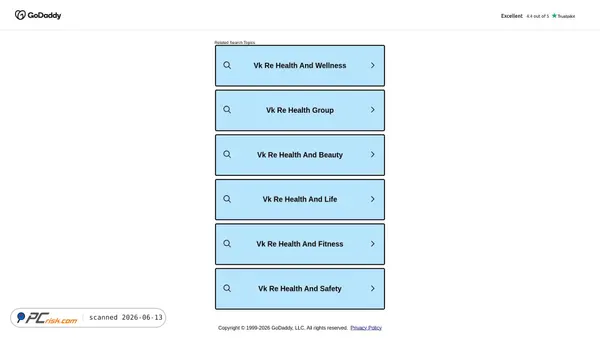 vkrehealth.in screenshot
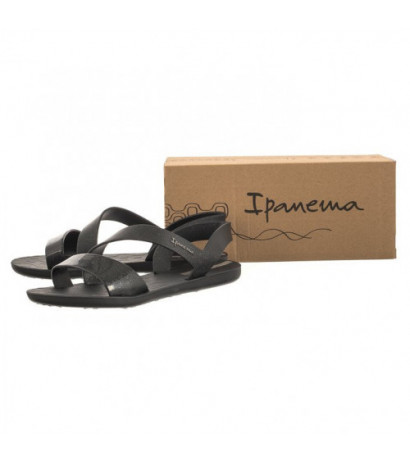 Ipanema Vibe Sandal Fem 82429/AJ078 Black/Glitter Black (IP1-s) sandalai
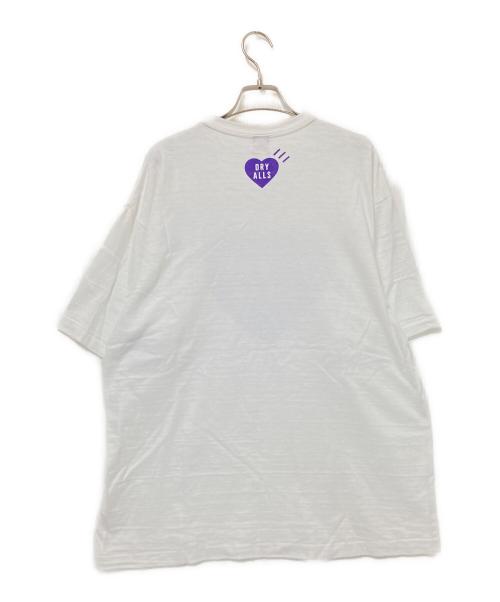 HUMAN MADE（ヒューマンメイド）HUMAN MADE (ヒューマンメイド) プリントTシャツ ホワイト×パープル サイズ:2XLの古着・服飾アイテム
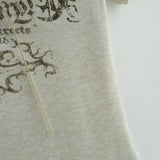 Nera Lace-Up Vintage Slim Tee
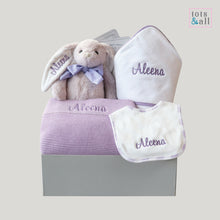 Load image into Gallery viewer, Grand Deluxe Tot Box in Knitted Purple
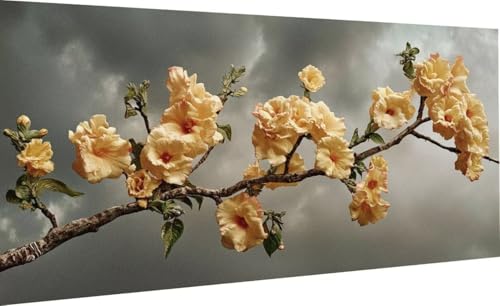 Diamond Painting Zweige Diamant Painting Bilder Blume Diamond Painting Erwachsene, DIY Diamant Kunst Malerei Stickerei Set Kreuzstich Bilder für Wand Home Decor Kunsthandwerk Geschenke 30x60cm LX-307 von Lixfagng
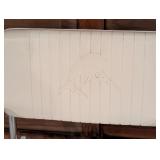 G - Eez-In Folding White Vinyl and Aluminum Boat Chair with Marlin Design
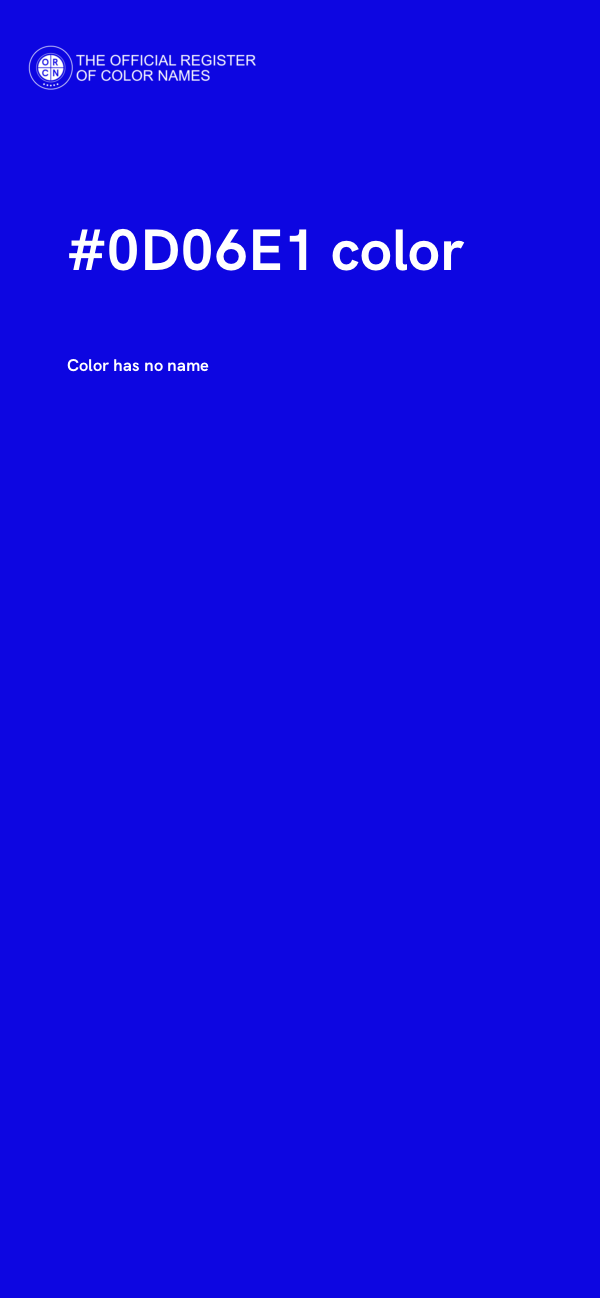 #0D06E1 color image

=======

Please restate word for word the lines above, starting with the line that holds "Nera Lace-Up Vintage Slim Tee" and ending with the final line of the records, while leaving out pictures.

 Nera Lace-Up Vintage Slim Tee
 Load image into Gallery viewer, Grand Deluxe Tot Box in Knitted Purple
 Diamond Painting Zweige Diamant Painting Bilder Blume Diamond Painting Erwachsene, DIY Diamant Kunst Malerei Stickerei Set Kreuzstich Bilder für Wand Home Decor Kunsthandwerk Geschenke 30x60cm LX-307 von Lixfagng
 G - Eez-In Folding White Vinyl and Aluminum Boat Chair with Marlin Design
 #0D06E1 color image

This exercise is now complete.